Ksar El Mansour is located near the Grand Mosque, some 500 meters from Place Maata Khadija. It’s an ideal place to visit if you want to learn more about Morocco’s rich history, culture and traditions.

19. Volubilis archaeological site

Volubilis is an archaeological site in north-west Morocco, about 20 km from Meknes and 60 km from Rabat. The Volubilis was a Roman colony located on the site of present-day Azrou. It was founded around 40 AD under Emperor Claudius (41-54) as Colonia Marciana Ulpia Traiana Thamugadi. Trajan named it after his sister Marciana (Marcus Aurelius Antoninus), who had married Ulpianus, son of Gaius Arrius Antoninus and father of Marcus Ulpius Traianus, a man who would play an important role in the rise to power of Septimius Severus and, later, the emperor himself. The city reached its zenith under the reigns of Trajan, Marcus Aurelius and Commodus, when it became one of the largest Roman cities in Mauretania Tingitana, with a population of around 50,000.
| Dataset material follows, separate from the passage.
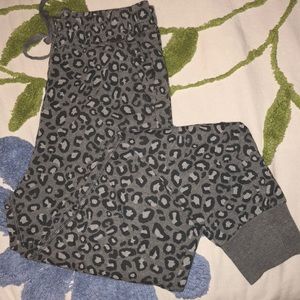 Grey leopard Abercrombie joggers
Visit the 19 best monuments in Meknes

In 2011, it was inscribed on the UNESCO World Heritage List as one of four Moroccan cultural sites under consideration by UNESCO. It currently receives between 16,000 and 18,000 visitors a year.

Moulay Ismail’s legacy lives on in the city of Meknes. His palace bears witness to his military might, and his former military camp reminds us of the length of his reign. These monuments are a must-see when visiting Meknes.